» **What you will do**: A verbatim transcript of the data that follows, free of images, is the expected result.
Data for review START
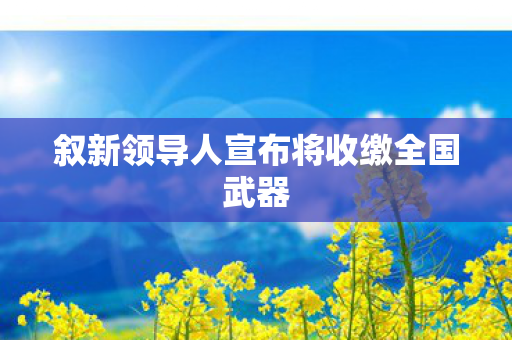 叙新领导人宣布将收缴全国武器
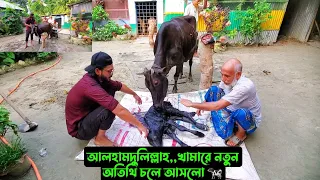 আলহামদুলিল্লাহ,,খামারে নতুন অতিথি চলে আসলো 🐄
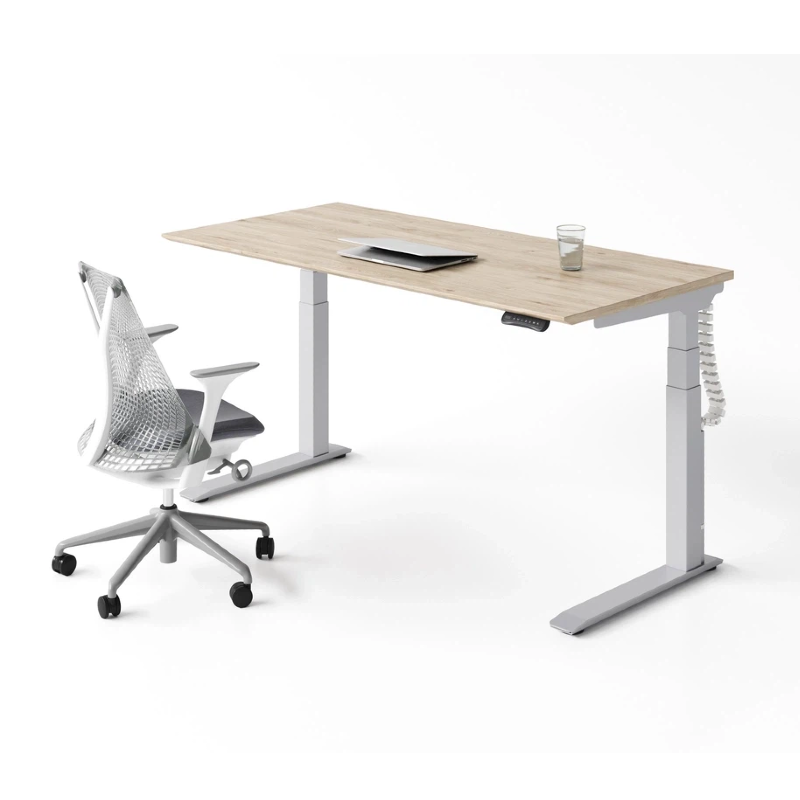 Modern Office Desk Height Adjustable Table Electric Sit Stand Desk
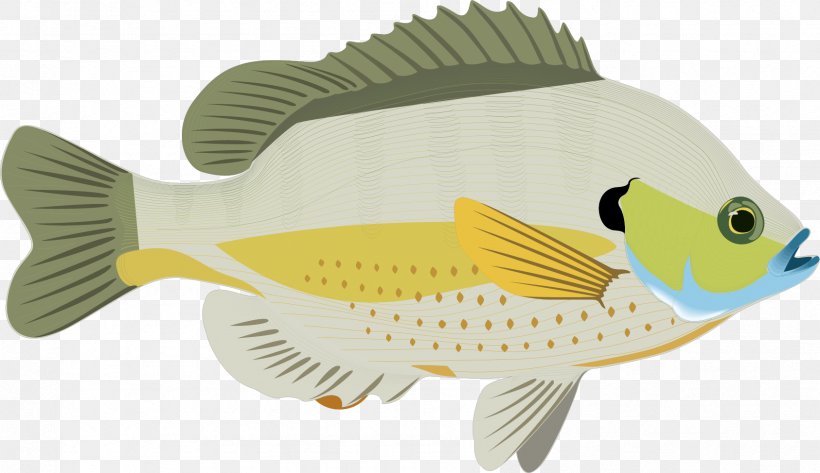 Prattville, Oklahoma Carassius Auratus Bluegill Fish, PNG, 1686x974px, Prattville, Animal, Animation, Bluegill, Bream Download Free
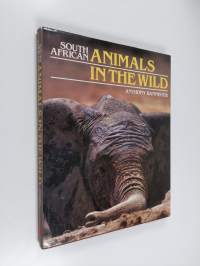 South African Animals in the Wild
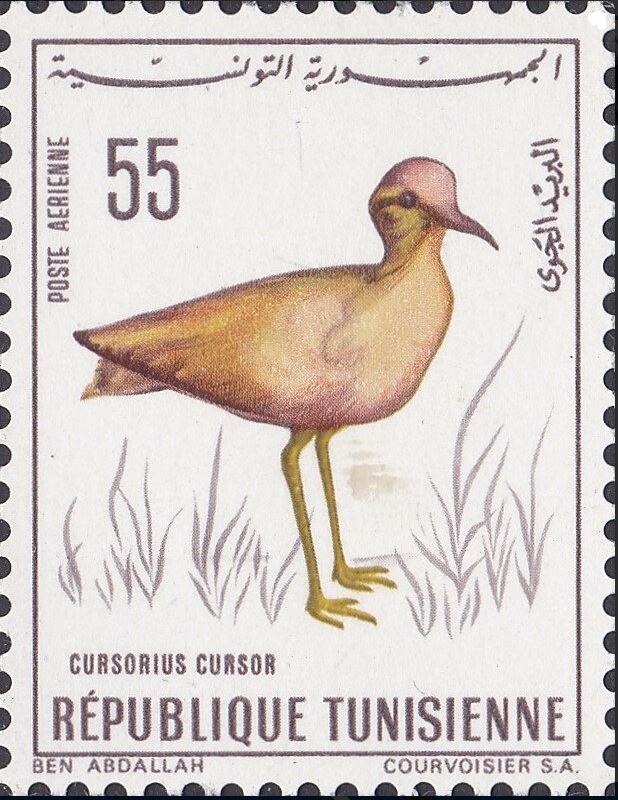 Stamp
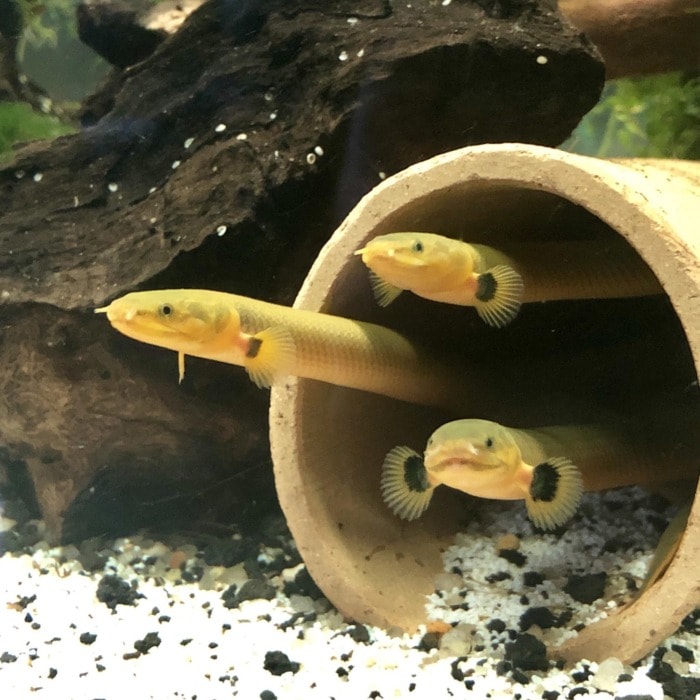 reedfish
Data for review END
» **Answer to the exercise**:
 叙新领导人宣布将收缴全国武器
 আলহামদুলিল্লাহ,,খামারে নতুন অতিথি চলে আসলো 🐄
 Modern Office Desk Height Adjustable Table Electric Sit Stand Desk
 Prattville, Oklahoma Carassius Auratus Bluegill Fish, PNG, 1686x974px, Prattville, Animal, Animation, Bluegill, Bream Download Free
 South African Animals in the Wild
 Stamp
 reedfish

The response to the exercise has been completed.